┌────────
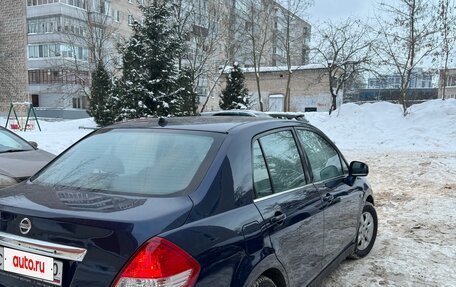 Nissan Tiida, 2007 год, 490 000 рублей, 6 фотография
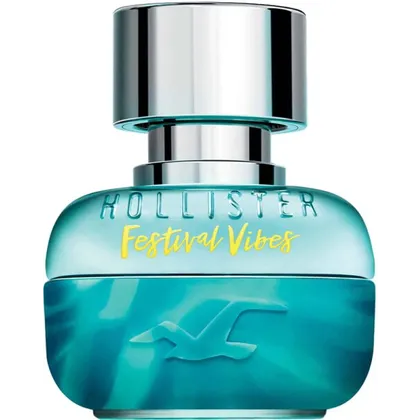Hollister Festival Vibes for Him Eau de Toilette (EdT) 30 ml Hollister Festival Vibes for Him Eau de Toilette (EdT) 30 ml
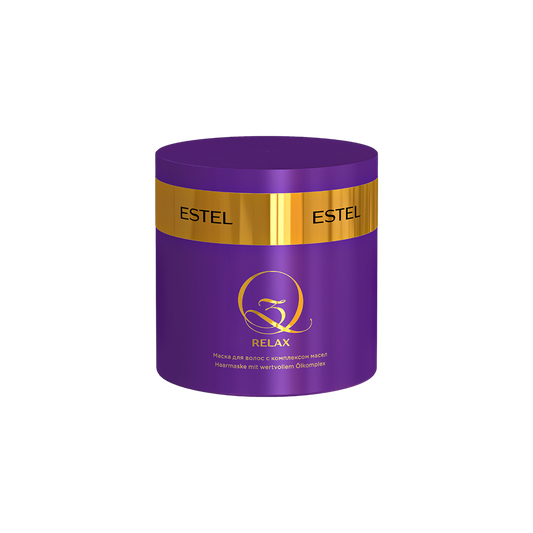 Q3 Oil Complex Hair Mask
└────────
▶ [Aim of the task] Restate the listing word for word, pictures excluded.

▶ [Answer area]
 Nissan Tiida, 2007 год, 490 000 рублей, 6 фотография
Hollister Festival Vibes for Him Eau de Toilette (EdT) 30 ml Hollister Festival Vibes for Him Eau de Toilette (EdT) 30 ml
 Q3 Oil Complex Hair Mask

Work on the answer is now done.